[Start of Attachment]

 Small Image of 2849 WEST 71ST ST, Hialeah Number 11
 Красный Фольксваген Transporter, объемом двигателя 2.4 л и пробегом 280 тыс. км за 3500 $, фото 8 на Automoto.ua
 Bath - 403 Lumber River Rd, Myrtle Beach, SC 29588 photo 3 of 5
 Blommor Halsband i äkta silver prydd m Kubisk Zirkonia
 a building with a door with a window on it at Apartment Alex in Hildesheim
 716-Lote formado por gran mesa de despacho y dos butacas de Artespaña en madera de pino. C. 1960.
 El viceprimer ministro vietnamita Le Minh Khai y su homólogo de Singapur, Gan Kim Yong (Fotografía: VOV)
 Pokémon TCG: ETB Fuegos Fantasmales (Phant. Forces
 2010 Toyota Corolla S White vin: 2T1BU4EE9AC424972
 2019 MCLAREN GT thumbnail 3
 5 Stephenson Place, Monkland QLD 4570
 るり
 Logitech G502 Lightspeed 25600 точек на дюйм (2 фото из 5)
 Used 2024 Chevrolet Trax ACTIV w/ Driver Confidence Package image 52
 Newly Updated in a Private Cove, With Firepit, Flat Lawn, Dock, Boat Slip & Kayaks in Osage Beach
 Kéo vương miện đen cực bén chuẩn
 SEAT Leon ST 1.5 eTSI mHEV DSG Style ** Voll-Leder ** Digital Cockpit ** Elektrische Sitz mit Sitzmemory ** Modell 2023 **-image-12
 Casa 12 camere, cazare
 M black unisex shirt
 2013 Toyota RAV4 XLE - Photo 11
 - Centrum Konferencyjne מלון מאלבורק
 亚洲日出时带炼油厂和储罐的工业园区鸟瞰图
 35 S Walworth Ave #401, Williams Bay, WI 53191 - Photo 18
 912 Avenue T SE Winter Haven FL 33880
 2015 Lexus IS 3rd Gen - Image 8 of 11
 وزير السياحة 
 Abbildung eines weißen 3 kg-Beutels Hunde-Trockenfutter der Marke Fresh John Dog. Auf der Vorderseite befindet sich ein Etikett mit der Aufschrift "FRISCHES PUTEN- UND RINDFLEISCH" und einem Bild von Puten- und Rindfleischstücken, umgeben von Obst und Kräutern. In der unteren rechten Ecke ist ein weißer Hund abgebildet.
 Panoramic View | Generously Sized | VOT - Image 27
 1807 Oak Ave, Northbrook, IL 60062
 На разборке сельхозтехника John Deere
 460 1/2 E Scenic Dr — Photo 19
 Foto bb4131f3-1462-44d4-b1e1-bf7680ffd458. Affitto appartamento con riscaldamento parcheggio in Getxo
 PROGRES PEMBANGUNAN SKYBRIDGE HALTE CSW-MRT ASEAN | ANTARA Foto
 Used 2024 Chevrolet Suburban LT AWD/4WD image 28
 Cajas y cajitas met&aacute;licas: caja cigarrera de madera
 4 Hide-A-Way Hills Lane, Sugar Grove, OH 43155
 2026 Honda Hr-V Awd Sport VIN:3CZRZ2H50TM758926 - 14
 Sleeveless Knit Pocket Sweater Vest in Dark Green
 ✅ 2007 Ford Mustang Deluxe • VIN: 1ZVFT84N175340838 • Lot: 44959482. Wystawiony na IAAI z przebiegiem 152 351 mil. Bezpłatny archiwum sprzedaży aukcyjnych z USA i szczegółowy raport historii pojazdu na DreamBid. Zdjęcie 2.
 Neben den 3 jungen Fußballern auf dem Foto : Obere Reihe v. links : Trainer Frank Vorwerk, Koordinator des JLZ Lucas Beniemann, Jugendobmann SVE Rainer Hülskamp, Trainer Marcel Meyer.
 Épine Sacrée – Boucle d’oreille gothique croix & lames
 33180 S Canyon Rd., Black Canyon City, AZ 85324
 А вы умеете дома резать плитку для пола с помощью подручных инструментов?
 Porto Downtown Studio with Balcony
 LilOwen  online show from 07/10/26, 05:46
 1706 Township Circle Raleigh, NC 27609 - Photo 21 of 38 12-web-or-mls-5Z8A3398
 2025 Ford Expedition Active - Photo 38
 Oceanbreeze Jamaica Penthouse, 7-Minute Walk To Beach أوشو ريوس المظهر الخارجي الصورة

[End of Attachment]

DIRECTIONS FOR THIS TASK: Give back only the lines from the one containing "DreamBid. Zdjęcie 2." through the final line of the entries above, exactly as written, both included.

TASK RESPONSE:
 ✅ 2007 Ford Mustang Deluxe • VIN: 1ZVFT84N175340838 • Lot: 44959482. Wystawiony na IAAI z przebiegiem 152 351 mil. Bezpłatny archiwum sprzedaży aukcyjnych z USA i szczegółowy raport historii pojazdu na DreamBid. Zdjęcie 2.
 Neben den 3 jungen Fußballern auf dem Foto : Obere Reihe v. links : Trainer Frank Vorwerk, Koordinator des JLZ Lucas Beniemann, Jugendobmann SVE Rainer Hülskamp, Trainer Marcel Meyer.
 Épine Sacrée – Boucle d’oreille gothique croix & lames
 33180 S Canyon Rd., Black Canyon City, AZ 85324
 А вы умеете дома резать плитку для пола с помощью подручных инструментов?
 Porto Downtown Studio with Balcony
 LilOwen  online show from 07/10/26, 05:46
 1706 Township Circle Raleigh, NC 27609 - Photo 21 of 38 12-web-or-mls-5Z8A3398
 2025 Ford Expedition Active - Photo 38
 Oceanbreeze Jamaica Penthouse, 7-Minute Walk To Beach أوشو ريوس المظهر الخارجي الصورة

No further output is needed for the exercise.